Elle peut donc ne pas constituer une bonne option pour certains patients dont le foie a été endommagé par des maladies telles que l’hépatite ou la cirrhose. On ne sait pas encore clairement quel type d’embolisation donne de meilleurs résultats à long terme.

Effets Secondaires Possibles De L’embolisation



Il est le plus souvent utilisé pour traiter le cancer du foie, mais peut également être utilisé chez les patients dont le cancer s’est propagé à d’autres parties du corps. La chimioembolisation peut être utilisée seule ou en association avec une intervention chirurgicale, une ablation, une chimiothérapie ou une radiothérapie. Il est utilisé en milieu palliatif et dans les cas de CHC intrahépatique récurrent après résection. La TACE est utilisée comme traitement adjuvant pour prévenir les récidives postopératoires, et elle est également utilisée comme modalité de traitement primaire dans le CHC rompu [4,8,40,42,43]. Il existe un intérêt significatif pour l’utilisation du TACE comme traitement néoadjuvant chez les patients atteints de tumeurs hépatiques résécables. La TACE a été réalisée avant la résection hépatique, principalement chez les patients présentant des tumeurs volumineuses afin de réduire le volume tumoral [8,44]. Chua et al[44], dans leur analyse systématique, ont conclu que l’utilisation de la TACE comme traitement néoadjuvant dans le CHC résécable est sûre et efficace avec des taux élevés de réponses pathologiques ; cependant, cela ne semble pas améliorer la survie sans maladie.

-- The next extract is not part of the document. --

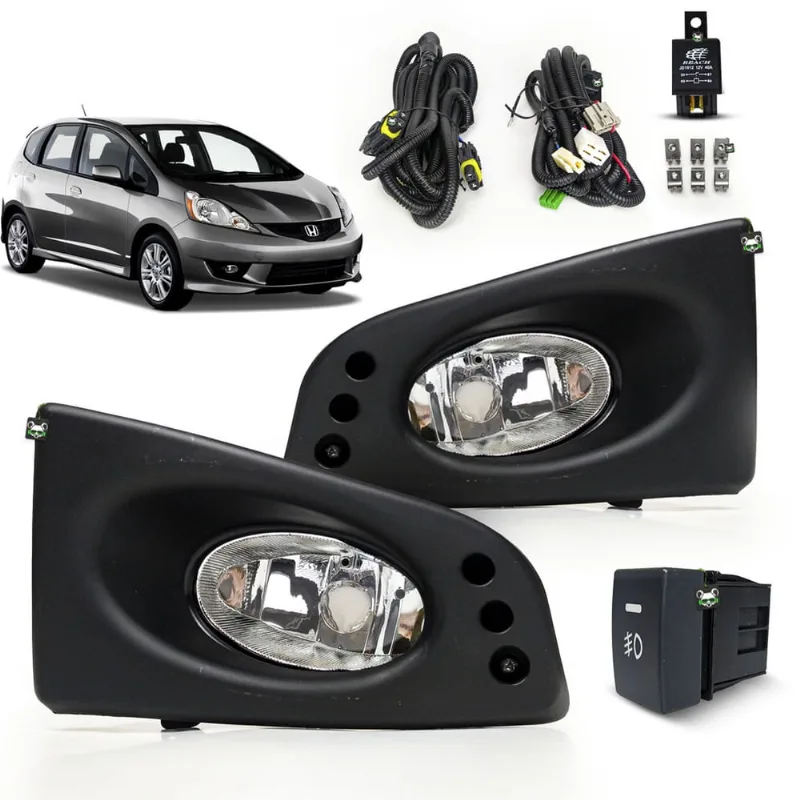 Kit Farol Auxiliar de Milha Botão Modelo Original Honda Fit 2009 2010 2011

  • Les patients atteints de Child-Pugh C et certains patients atteints de B, les patients atteints d’un BCLC de stade D et les patients présentant des symptômes cliniques de cancer en phase terminale doivent être exclus car l’atteinte ischémique peut entraîner des événements indésirables graves, voire mortels.
  • La procédure PVE a été réalisée par embolisation percutanée transhépatique de la veine porte homolatérale.17 L’embolisation des branches de la veine porte du segment 4 a été réalisée dans des cas sélectionnés nécessitant une hémihépatectomie étendue du côté droit.
  • En plus des métastases du CHC et du CRC hépatique, la TACE est également réalisée pour le cholangiocarcinome (55) et les métastases hépatiques des tumeurs neuroendocrines (56), du cancer du sein (57) et d’autres tumeurs, notamment le sarcome (58), le pancréas (59) et cancer gastrique (60).
  • Chez ces patients, une dose réduite d’agents chimioemboliques est utilisée et une administration super-sélective dans les artères alimentant la tumeur est effectuée [30,31].
  • Ce concept radical a été validé à l’aide de modalités d’imagerie dynamique par divers chercheurs[15,16].